Thank you @Andrey_Simonov_Columbia_GSB! Gosh I really need to get my github going for this kind of improvements! (but maybe after the manuscript is in? :confused: )

Hi, @Andrey_Simonov_Columbia_GSB - I see that the keepLeadingZeros=TRUE doesn’t really keep the leading zeros of the FIPS with 4 digits for some reason. I am using the read_csv function and that’s OK, albeit slower.
Also, I found a minor issue for the “to tract” part of the code - the line with the aggregated distance_travel_from_home should be: distance_traveled_from_home = sum(device_count*distance_traveled_from_home) / sum(device_count), #weighted mean

@Andrey_Simonov_Columbia_GSB @Dana_Turjeman_UMich_Ross have eitehr of you found time to put this up on github? Maybe someone else in the community could volunteer to do that for you?

cc: @Jessica_Williams-Holt

Yes, I can help!

Reviving this just because we still don’t have the final code (we ended up not using it in our paper), but also because I can make some clarifications that (I hope) can help others: to run the code from this thread, I used HUDUser data and there’s a mapping between TRACT to ZIP that is what you’re looking for.

The reason it’s hard to match TRACT to ZIP is because they’re not a 1:1 or even m:1 matching; there are ZIP codes that reside in multiple TRACTs and TRACTs that reside in multiple ZIPs :face_palm: However, if you REALLY want, the code I posted can be OK (note the correction in a message after), and another way is simply take, for each TRACT, the ZIP that had the maximum residential part of it. This is the HUDUser link: HUD USPS ZIP Code Crosswalk Files | HUD USER. In the documentation of HUDUser, you may find an explanation of the “simpler” practice of matching maximum residential portion of each ZIP to the associated TRACT. I hope this helps. :pray:

@Dana_Turjeman_UMich_Ross is the blocker the mapping only? or are there other blockers as well?

@Jessica_Williams-Holt
The only “blocker” is the mapping. Since it’s a m:m mapping, there isn’t a good way I know of to perfectly map between TRACT and ZIP codes. However, if we find a better mapping between, say, a CBG to ZIP, that is m:1 (because CBG are much smaller, so hopefully each CBG will not be split across ZIPs), then the mapping will have no controversies. The reason I don’t think ANYONE should be blocked by this is because using a weighted mapping by the residential ratio, or by using the mapping of each TRACT to the ZIP with the Maximum residential coverage is good enough, as far as I understand from the documentation of HUDUser. The documentation explains in what conditions these kind of mapping might be problematic. I attach the documentation here for reference, but the source is the same HUDUser website.

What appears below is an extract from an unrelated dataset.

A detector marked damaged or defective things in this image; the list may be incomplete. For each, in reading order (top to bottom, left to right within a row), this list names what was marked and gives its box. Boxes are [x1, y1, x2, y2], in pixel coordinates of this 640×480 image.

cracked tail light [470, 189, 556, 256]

cc @Roshan_George_SafeGraph. @Dana_Turjeman_UMich_Ross this is great, we had gotten started on a crosswalk doc here as well - How to Join X to Y. Free resources to connect together IDs, boundaries, and indexes from disparate systems. - Google Sheets

This may or may not help, but: I found a very quick way to merge CBG data with ZIP data to be via GeoPandas .sjoin function with CBG point data (lat,long) and ZCTA polygons using the ‘within’ option. For robustness, I plan to do a more proper intersection of CBG/ZCTA polygons (distributing CBG counts by proportion of overlapping area with ZCTA) but the mismatch in Census and ZIP boundaries makes all solutions bad solutions in one way or another.

@Christopher_Michael_Graziul_University_of_Chicago Many people want to join CBG to ZIP, do you have any code or additional documentation you could share?

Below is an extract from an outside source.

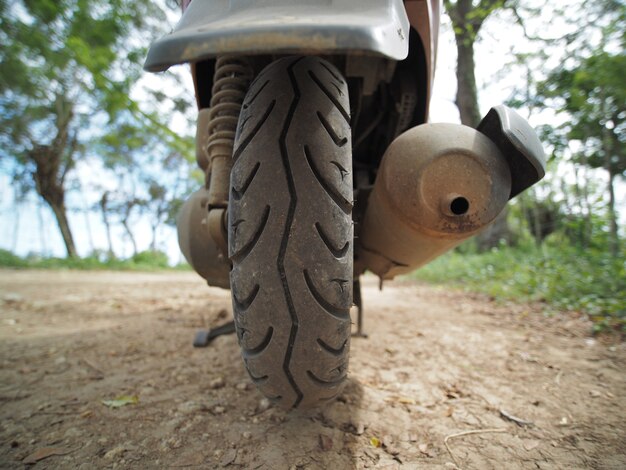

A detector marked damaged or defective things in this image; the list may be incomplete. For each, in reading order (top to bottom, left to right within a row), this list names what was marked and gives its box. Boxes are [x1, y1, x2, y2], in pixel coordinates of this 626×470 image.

rusty exhaust pipe [356, 123, 512, 280]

Where did you obtain the ZCTA polygons? and the CBG centroids?

Note: This may be less useful, but I am fairly certain there exist ZCTA-based Census TIGER/Line files that contain at least a subset of Census variables. They are careful to caveat their methodology but these data may be helpful for checking robustness of certain kinds of analysis.

@Christopher_Michael_Graziul_University_of_Chicago consider adding your code to the new SafeGraph Awesome Data Science list
https://safegraphcovid19.slack.com/archives/C011YRFDN0M/p1593028495475800

Cleaned it up a little and submitted as an issue. Hope it helps!